HOW TO COMPLETE THIS TASK: Restate verbatim the span of lines below between the line with "Used 2024 Volkswagen" and the line with "San Francisco, California, USA.", including those two lines, and only that span.

SUPPLIED INFORMATION:

-- Opening Marker --

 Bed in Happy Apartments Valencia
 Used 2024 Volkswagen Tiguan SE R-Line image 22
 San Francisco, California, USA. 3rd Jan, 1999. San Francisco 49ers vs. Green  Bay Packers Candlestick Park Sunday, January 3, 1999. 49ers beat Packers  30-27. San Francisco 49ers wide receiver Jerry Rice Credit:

-- Closing Marker --
-- Opening Marker --

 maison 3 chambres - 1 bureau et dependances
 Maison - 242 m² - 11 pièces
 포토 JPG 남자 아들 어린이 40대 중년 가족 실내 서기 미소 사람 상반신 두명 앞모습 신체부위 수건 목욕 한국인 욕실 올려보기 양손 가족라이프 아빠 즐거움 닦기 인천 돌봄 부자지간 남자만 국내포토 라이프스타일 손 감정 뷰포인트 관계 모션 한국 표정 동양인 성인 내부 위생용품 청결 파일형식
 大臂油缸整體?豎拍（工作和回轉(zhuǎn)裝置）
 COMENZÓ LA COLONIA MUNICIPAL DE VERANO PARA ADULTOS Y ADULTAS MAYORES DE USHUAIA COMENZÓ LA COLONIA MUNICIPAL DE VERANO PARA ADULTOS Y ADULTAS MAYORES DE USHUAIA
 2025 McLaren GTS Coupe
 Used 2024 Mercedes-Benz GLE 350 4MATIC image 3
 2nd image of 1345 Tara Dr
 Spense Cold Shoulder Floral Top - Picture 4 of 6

-- Closing Marker --

TASK ANSWER:
 Used 2024 Volkswagen Tiguan SE R-Line image 22
 San Francisco, California, USA. 3rd Jan, 1999. San Francisco 49ers vs. Green  Bay Packers Candlestick Park Sunday, January 3, 1999. 49ers beat Packers  30-27. San Francisco 49ers wide receiver Jerry Rice Credit:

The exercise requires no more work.